UK house prices could drop by 6.2% next year if the UK leaves the EU without a deal on 31 October, according to accountants KPMG.
However, if a deal is reached, KPMG predicts that house prices will rise by 1.3%.
London will probably see a fall in prices with or without an exit deal this year and next, it said, with sharper declines if no deal is reached.
However, the low supply of new housing stock could prop up prices over time.
“Overall, while a no-deal Brexit could dent property values in the short term, it may make less impact on one of the fundamental factors driving the market: the stock of regional housing,” said the report.
“Housebuilders are expected to reduce the supply of new housing in some regions in the short term as a response to a deteriorating economic outlook.
“So, while there will be fallout from the initial economic shock following a no-deal Brexit, the market is expected to recover most ground in the long run,” it said, assuming the economy recovers.
With the housing market hard to predict, KPMG said prices could drop in a no-deal scenario by as much as 10-20%.
“Transactions volumes will likely fall much more than prices – making government housing delivery targets impossible to achieve and slowing new building across the sector,” said Jan Crosby, UK head of housing at KPMG.
Assuming no agreement is reached, KPMG says Northern Ireland will be the hardest hit next year, with average price declines of 7.5%, followed by London at 7%. The least-hit will be Wales and the East Midlands, with 5.4% declines apiece.
This year, most regions will see changes of less than 2%, KPMG says, with the exception of London, down 4.8%, and Northern Ireland, down 2.2%.

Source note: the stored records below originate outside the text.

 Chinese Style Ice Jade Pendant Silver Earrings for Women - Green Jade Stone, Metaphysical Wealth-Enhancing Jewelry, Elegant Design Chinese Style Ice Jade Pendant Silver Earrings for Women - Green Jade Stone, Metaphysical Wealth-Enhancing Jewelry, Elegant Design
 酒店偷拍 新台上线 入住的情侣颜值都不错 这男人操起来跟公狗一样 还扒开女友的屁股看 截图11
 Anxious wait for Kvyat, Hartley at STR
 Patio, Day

If a deal is struck, prices in London and Northern Ireland are still predicted to fall this year, by 4.7% and 1.2%, while most other regions will be largely unchanged. Scotland and the North West will see gains of 1.4% and 1.6%.
And next year, all regions will gain aside from London’s predicted 0.2% slide. The average increase will be 1.3%.

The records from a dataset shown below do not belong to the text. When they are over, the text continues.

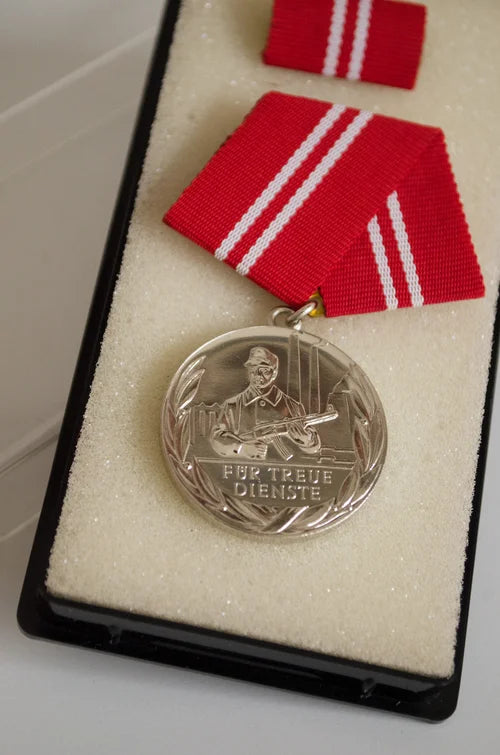 MEDAGLIA Argento 15 ANNI DI SERVIZIO ESERCITO TEDESCO NVA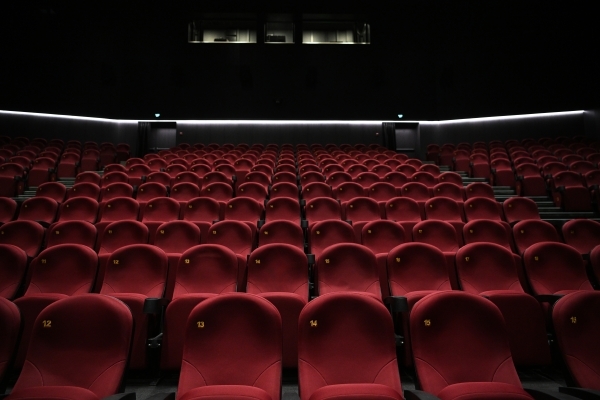 В России предсказали падение выручки кинотеатров по итогам 2023 года
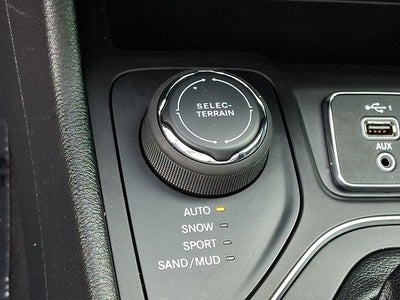 2022 Jeep Cherokee Latitude Lux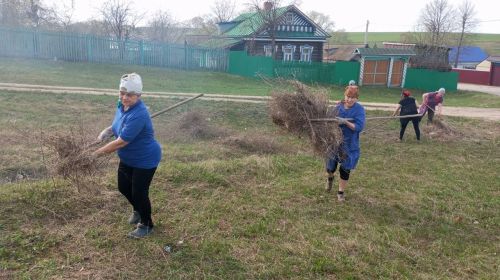Акъегет авылының Үзәк урамында өмә үткән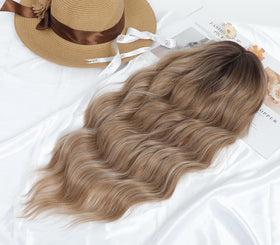 Gulagula silk lace front creates natural hairline and growth illusion.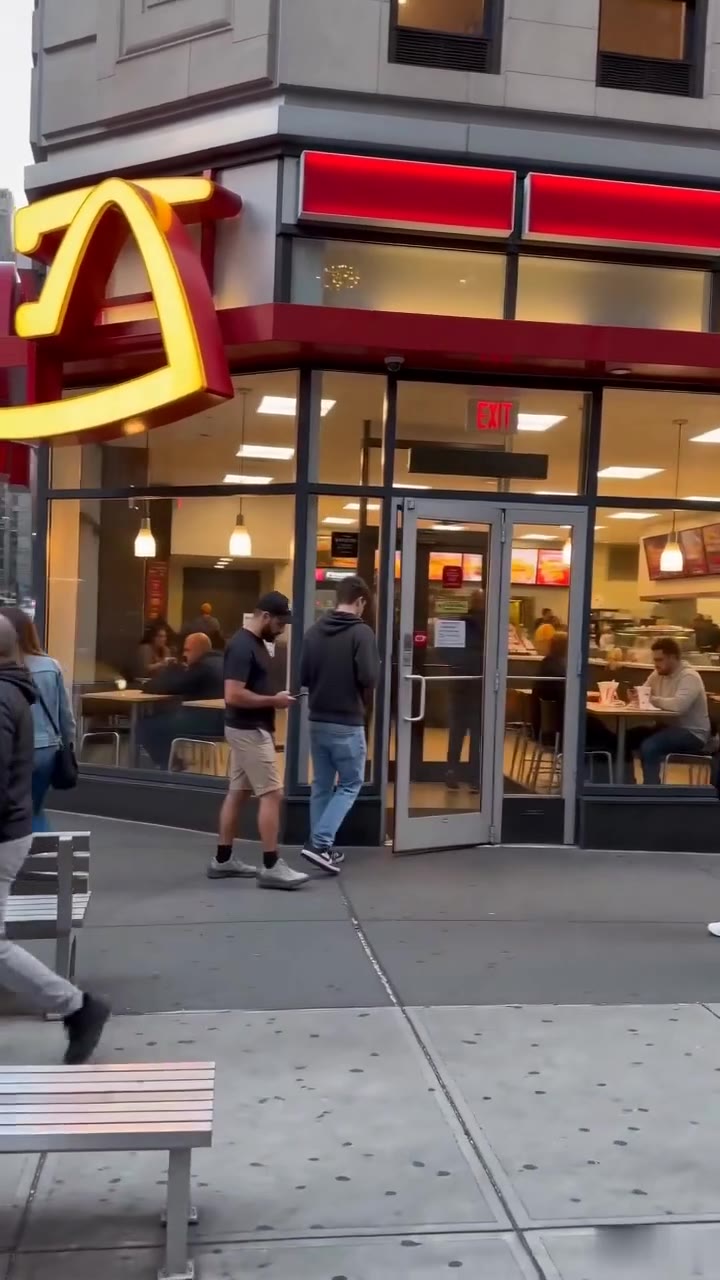 A Kind Stranger Fed Me When My Husband Left Me Pregnant on the Streets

KPMG noted that the UK housing market is healthier than it was at the time of the last housing crash – when prices fell by 15% in 2008. House prices are lower as a percentage of earnings in most regions outside London and the South East.
In addition, compared with the aftermath of the 1991 recession – when housing prices dropped 20% over about four years – mortgages are much cheaper. Back then, the Bank of England’s base rate was about 14%.